We have to rethink our strategy. The country that supported the Genocide cannot be the one to dispense justice.
Ngoga observed that it was not surprising considering that France backed the Rwanda genocidal regime before 1994.
"There is more than enough evidence that we can't get genocide-related justice from France. The system continues to be influenced by elements that were in complicity with some of these suspects," he told The New Times.
Nsengiyumva was one of the founder members of the Congo-based Democratic Forces for the Liberation of Rwanda (FDLR), a group responsible for the Genocide, and was part of the interim government in Rwanda in 1994.

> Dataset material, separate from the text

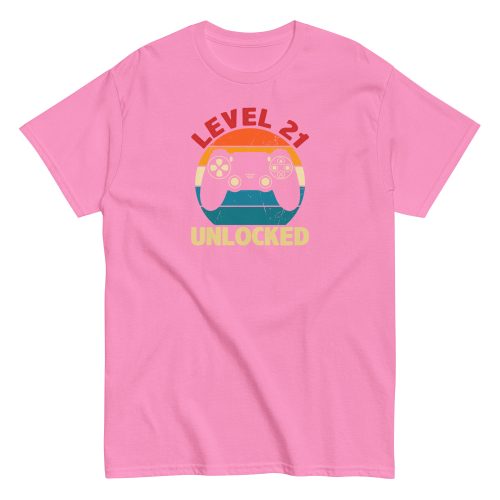 Level 21 Unlocked T-shirt 21st Birthday Gift T Shirts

Although he has won his battle against extradition, Nsengiyumva still faces possible prosecution over his role at the height of the killings.
However, Ngoga said, "I don't even believe prosecution of suspects would deliver any tangible results. We have to rethink our strategy. The country that supported the Genocide cannot be the one to dispense justice."

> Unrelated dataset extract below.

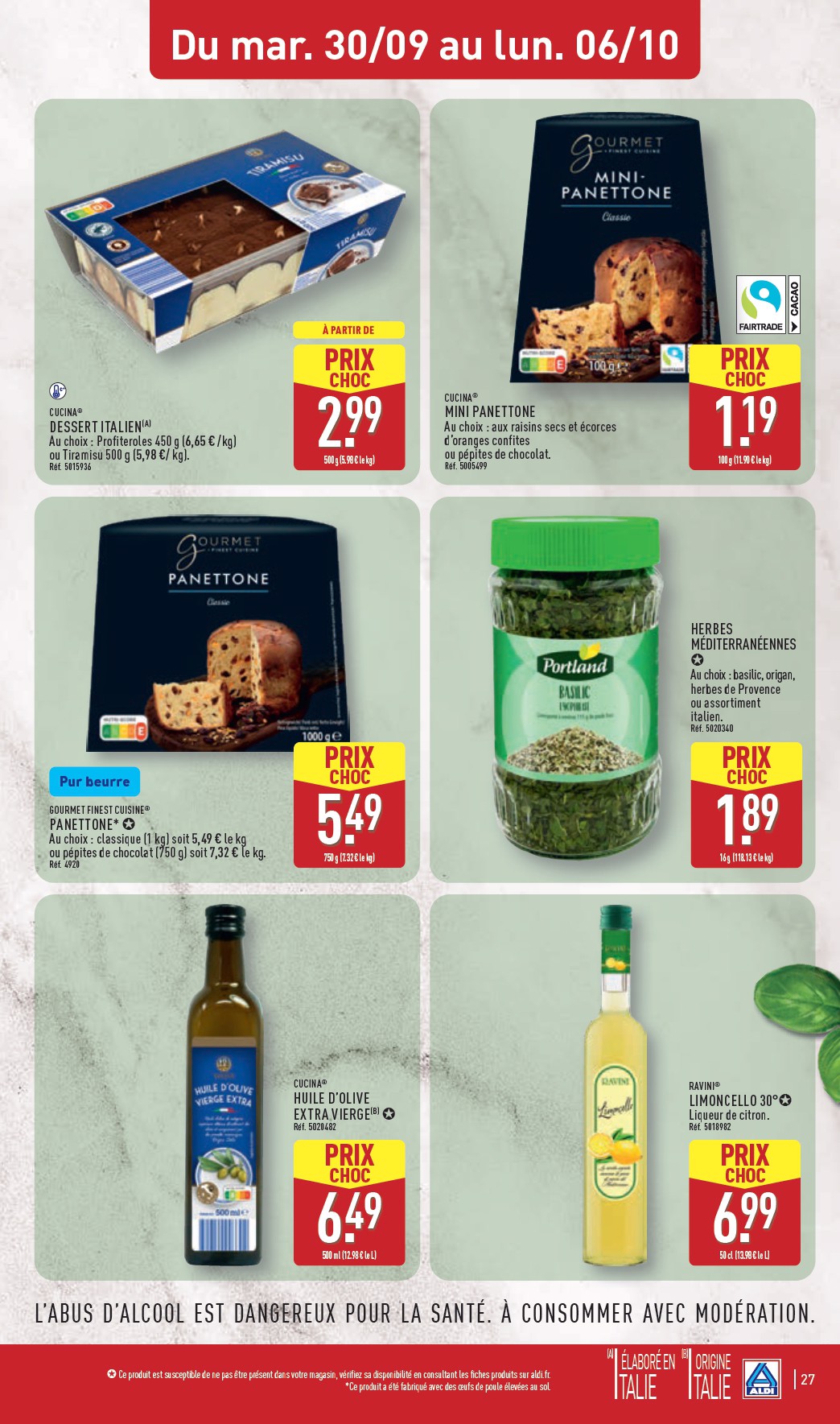 aldi - Catalogue ALDI valable du 30/09 au 06/10 - page: 29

The court rejected the extradition request on the grounds that it could have been politically motivated, as the former minister's legal team argued.
But Ngoga dismissed this as baseless.
"It is ridiculous for anybody to suggest that these extradition requests are politically motivated. Those who think like that are totally off track. We have to understand and face the reality - that France lacks the will in all respects to get Genocide suspects to account," he said.
Rwanda has indicted 20 Genocide suspects living in France and officially asked for their extradition or try them on French soil if they cannot extradite them but France has not responded.
On Wednesday, France-based rights group, Collectif des Parties Civiles pour le Rwanda (CPCR), also said it was not surprised by the court's decision.
The group says its continuous pleas to the government of France to extradite the suspects to Rwanda or prosecute them in France have fallen on deaf ears.
Their most recent petition, on December 16, again highlighted the group's concern over their government offering known Rwandan Genocide suspects a safe haven.
In a press release e-mailed to The New Times on Thursday, the CPCR said: "As expected, once again, the judges of the Paris Court of Appeal refused to extradite the people suspected of having a heavy responsibility in the Genocide against the Tutsi in Rwanda. Petty Romanian criminals, Bulgarian or Polish and others, aligned before court that day would certainly not have received the same mercy!"